Saved data entries

**********

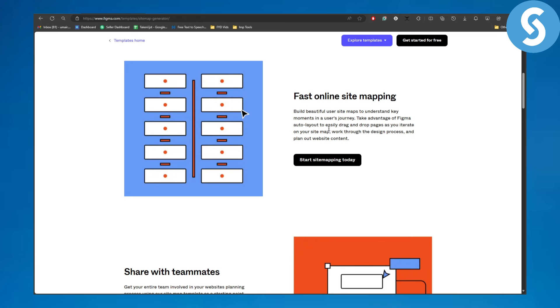Take advantage of Figma auto layout to easily drag and drop pages as you iterate on your sitemap. Work through the design process and plan out website content. Basically, they are just trying to say how easy it is.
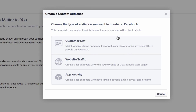Under that we have three options: custom list, web traffic, and app. I'm not going to cover app — that's more advanced than many small businesses are working with. Customer list is where you would upload an email list that you have, which we talked about in class. And then website traffic — that's what we're focusing on today.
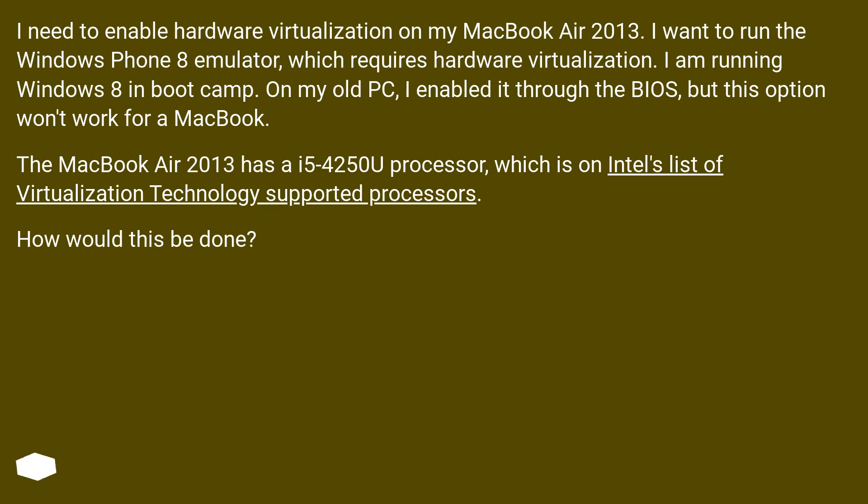The MacBook Air 2013 has an i5-4250U processor, which is on Intel's list of virtualization technology supported processors. How would this be done?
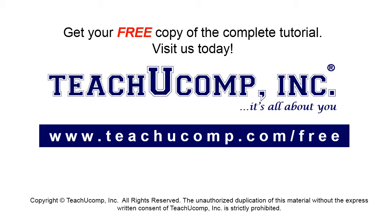Get your free copy of the complete tutorial at www.teachucomp.com forward slash free.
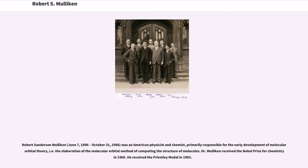Robert Sanderson Mulligan was an American physicist and chemist, primarily responsible for the early development of molecular orbital theory, i.e., the elaboration of the molecular orbital method of computing the structure of molecules. Dr. Mulligan received the Nobel Prize for Chemistry in 1966. He received the Priestley Medal in 1983.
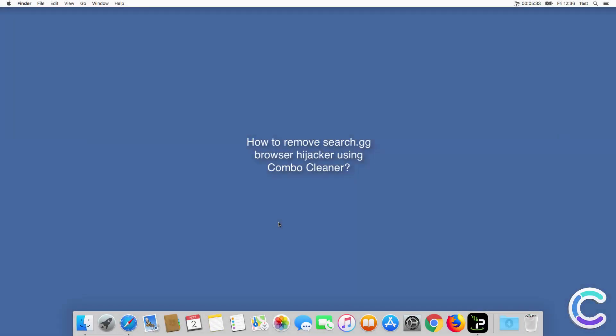In this video we will show you how to remove SearchGG Browser Hijacker using Combo Cleaner.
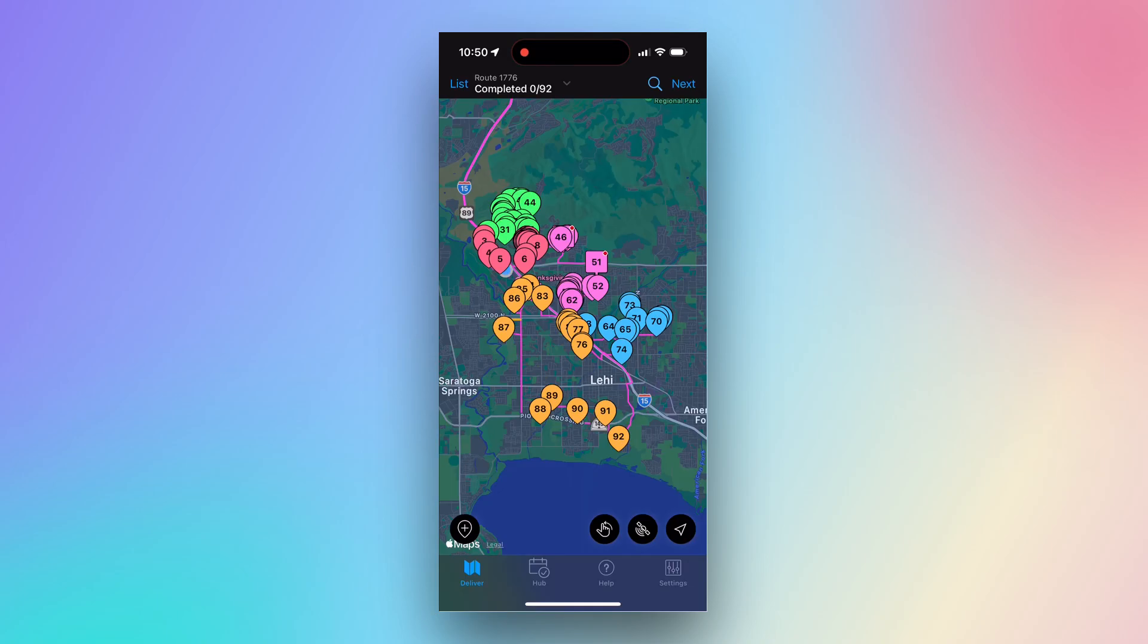The Deliver page will display all of your assigned stops for the day. The color of the stop pin is determined by the SID number of the package. The Deliver page also gives you access to a few different tools.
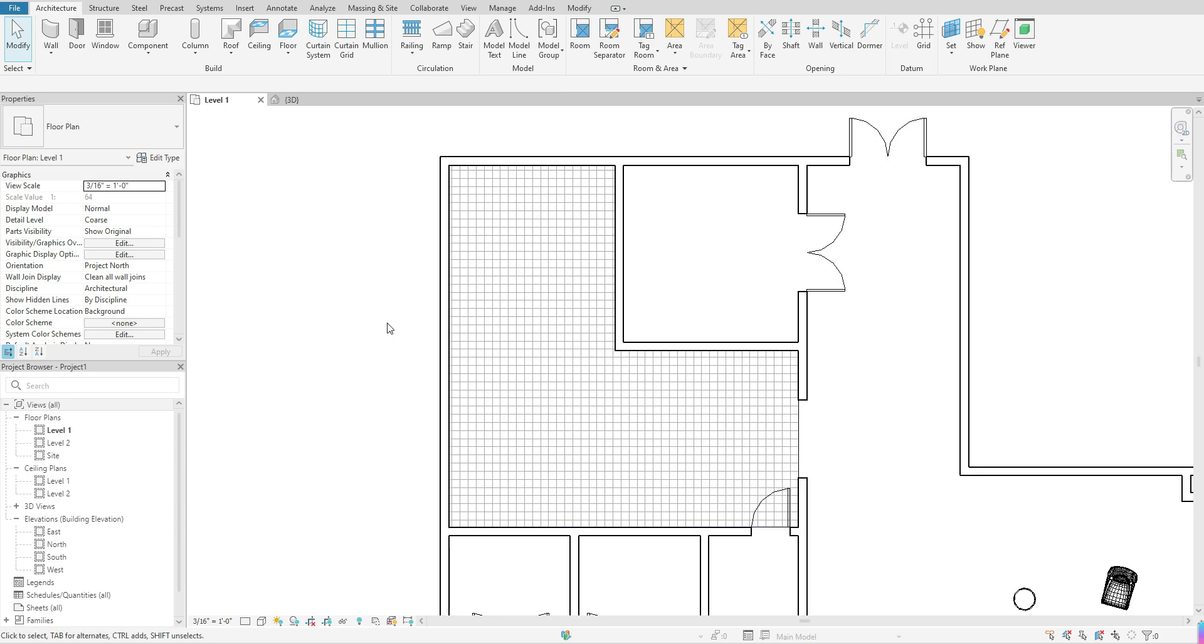So that is the basics of how you go about adding your floor within Revit. Just a basic one. The possibilities are endless depending on your project. But that is the basis of how you get a floor in there.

**********

▶ _What you need to do_
Leaving images out, please output every line of the data exactly.

▶ _Task output_
Take advantage of Figma auto layout to easily drag and drop pages as you iterate on your sitemap. Work through the design process and plan out website content. Basically, they are just trying to say how easy it is.
Under that we have three options: custom list, web traffic, and app. I'm not going to cover app — that's more advanced than many small businesses are working with. Customer list is where you would upload an email list that you have, which we talked about in class. And then website traffic — that's what we're focusing on today.
The MacBook Air 2013 has an i5-4250U processor, which is on Intel's list of virtualization technology supported processors. How would this be done?
Get your free copy of the complete tutorial at www.teachucomp.com forward slash free.
Robert Sanderson Mulligan was an American physicist and chemist, primarily responsible for the early development of molecular orbital theory, i.e., the elaboration of the molecular orbital method of computing the structure of molecules. Dr. Mulligan received the Nobel Prize for Chemistry in 1966. He received the Priestley Medal in 1983.
In this video we will show you how to remove SearchGG Browser Hijacker using Combo Cleaner.
The Deliver page will display all of your assigned stops for the day. The color of the stop pin is determined by the SID number of the package. The Deliver page also gives you access to a few different tools.
So that is the basics of how you go about adding your floor within Revit. Just a basic one. The possibilities are endless depending on your project. But that is the basis of how you get a floor in there.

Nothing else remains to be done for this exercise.